Output only the lines below from the one holding "Pacsun Basics front" down to the one holding "crusty pizza bread, cheesy", both end lines included and every picture dropped.

--- Materials provided Enclosed Below ---

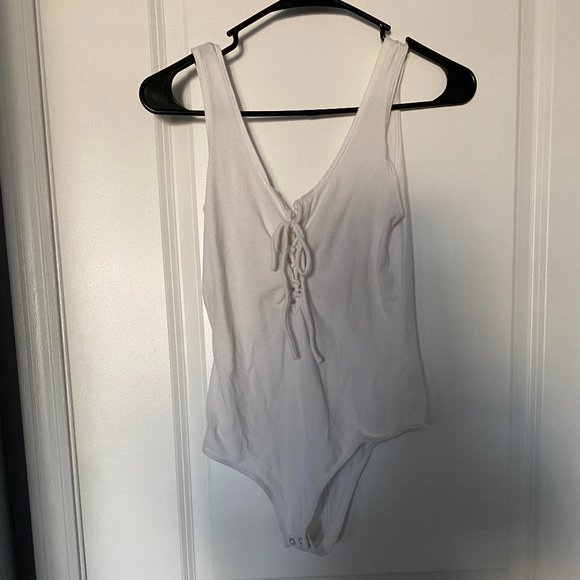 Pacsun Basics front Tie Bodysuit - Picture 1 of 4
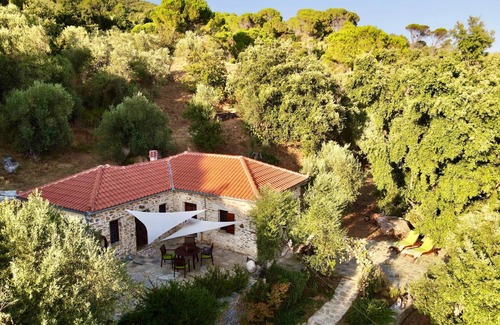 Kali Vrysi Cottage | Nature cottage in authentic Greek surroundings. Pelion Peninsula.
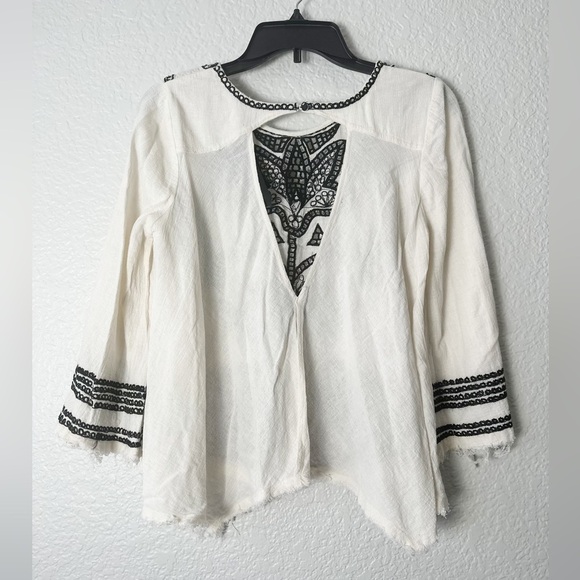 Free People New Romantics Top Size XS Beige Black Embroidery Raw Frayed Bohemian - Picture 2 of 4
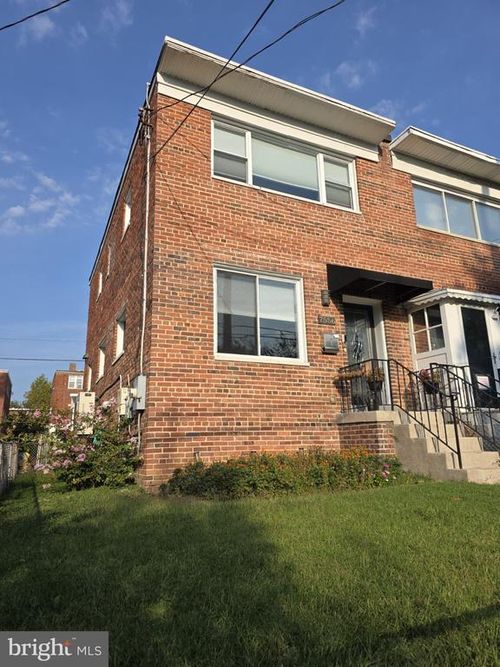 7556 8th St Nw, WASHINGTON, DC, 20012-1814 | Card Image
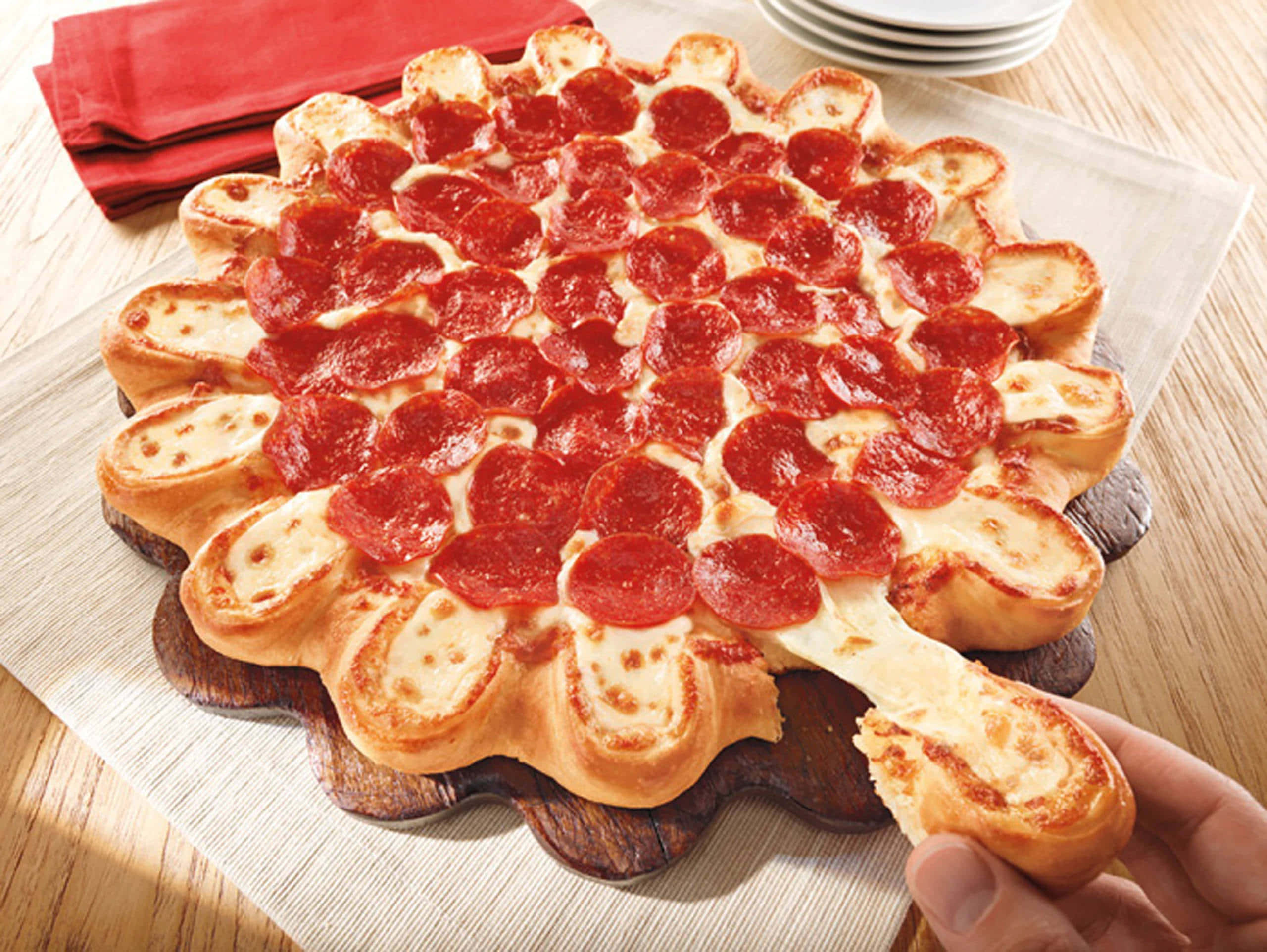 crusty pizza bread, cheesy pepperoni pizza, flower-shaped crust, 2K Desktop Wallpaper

--- End of Enclosed Materials provided ---
--- Materials provided Enclosed Below ---

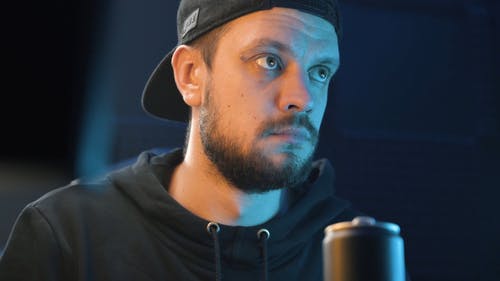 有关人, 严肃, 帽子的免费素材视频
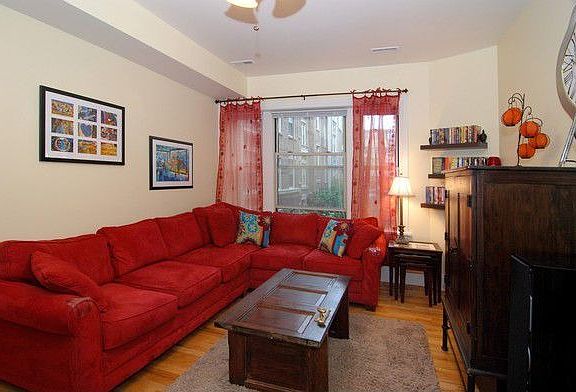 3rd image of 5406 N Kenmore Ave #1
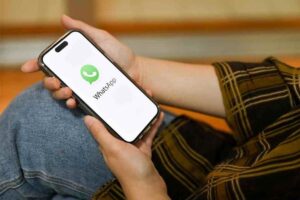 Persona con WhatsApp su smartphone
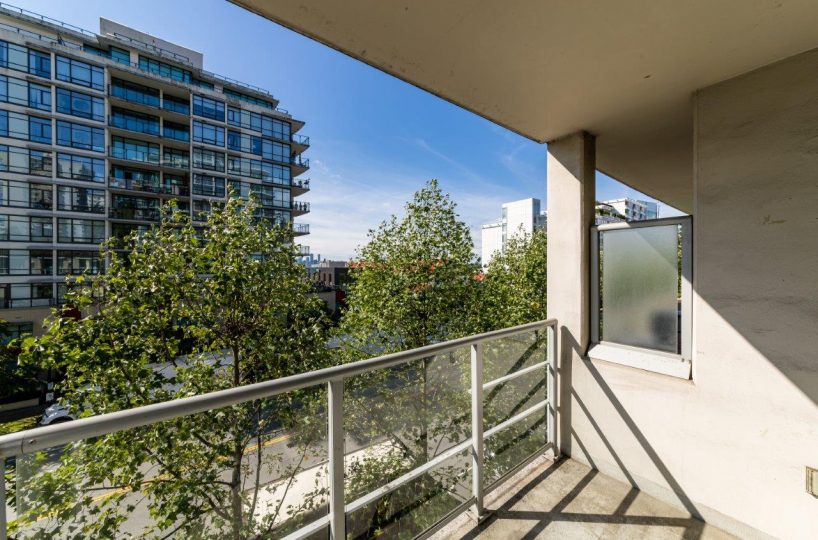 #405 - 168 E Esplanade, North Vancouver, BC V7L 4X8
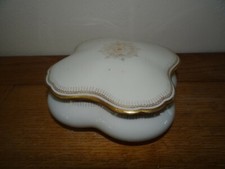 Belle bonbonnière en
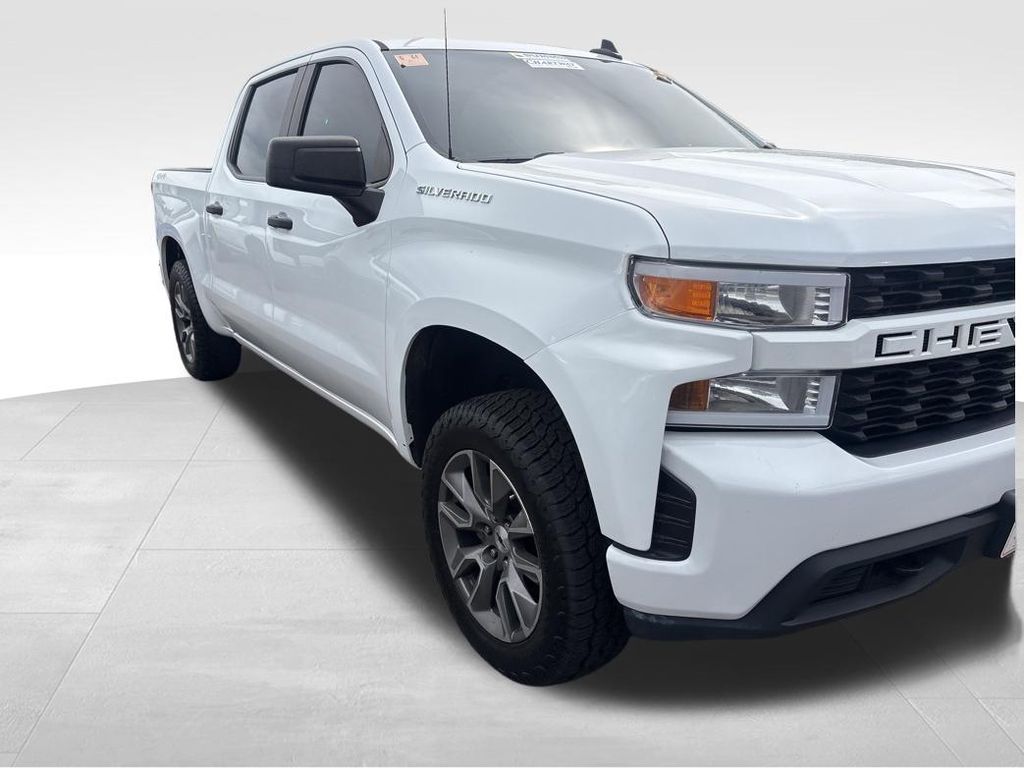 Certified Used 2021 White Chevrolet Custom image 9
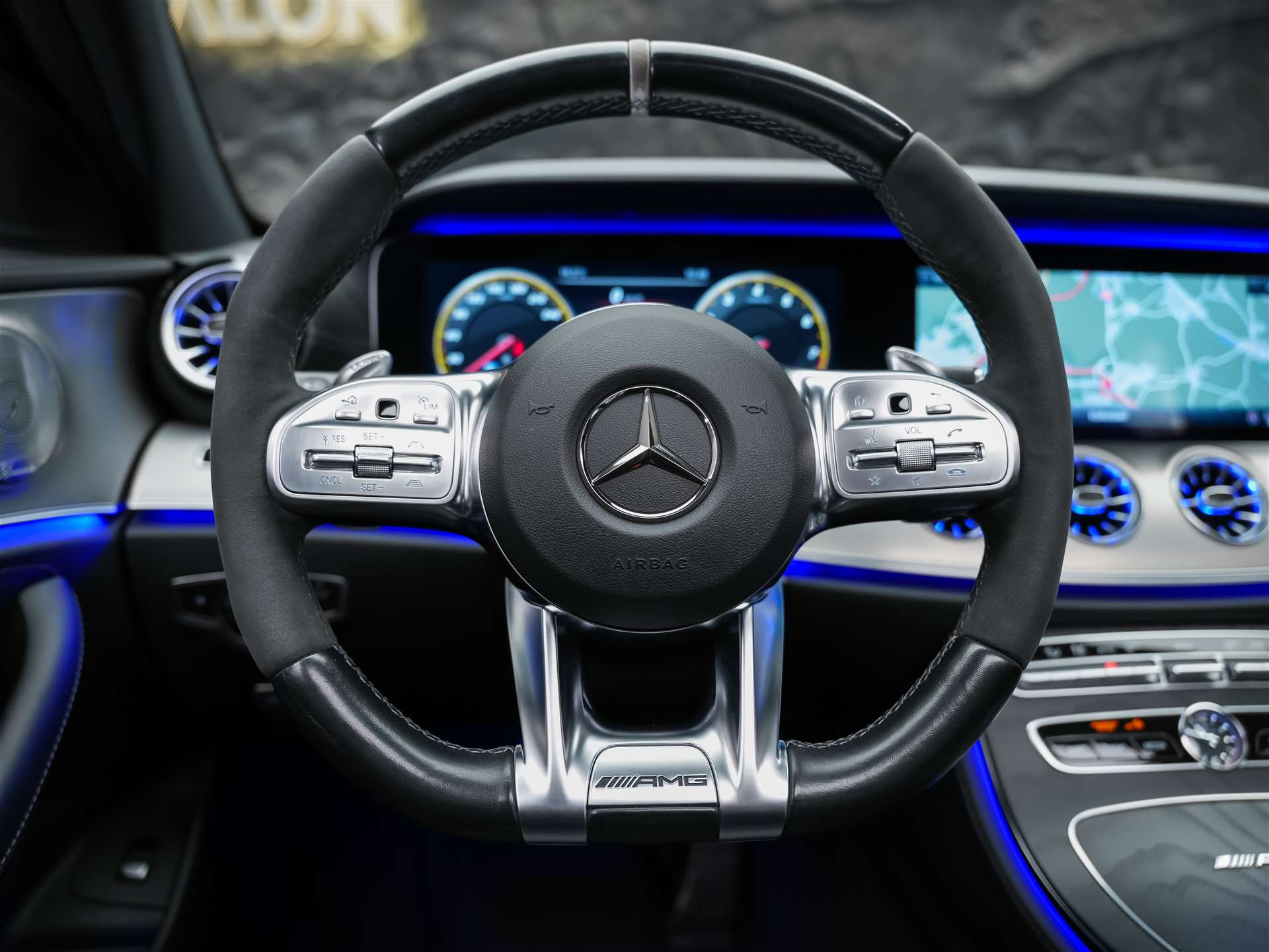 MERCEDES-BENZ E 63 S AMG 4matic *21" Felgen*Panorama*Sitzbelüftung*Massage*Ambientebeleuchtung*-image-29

--- End of Enclosed Materials provided ---

▸ Task result:
 Pacsun Basics front Tie Bodysuit - Picture 1 of 4
 Kali Vrysi Cottage | Nature cottage in authentic Greek surroundings. Pelion Peninsula.
 Free People New Romantics Top Size XS Beige Black Embroidery Raw Frayed Bohemian - Picture 2 of 4
 7556 8th St Nw, WASHINGTON, DC, 20012-1814 | Card Image
 crusty pizza bread, cheesy pepperoni pizza, flower-shaped crust, 2K Desktop Wallpaper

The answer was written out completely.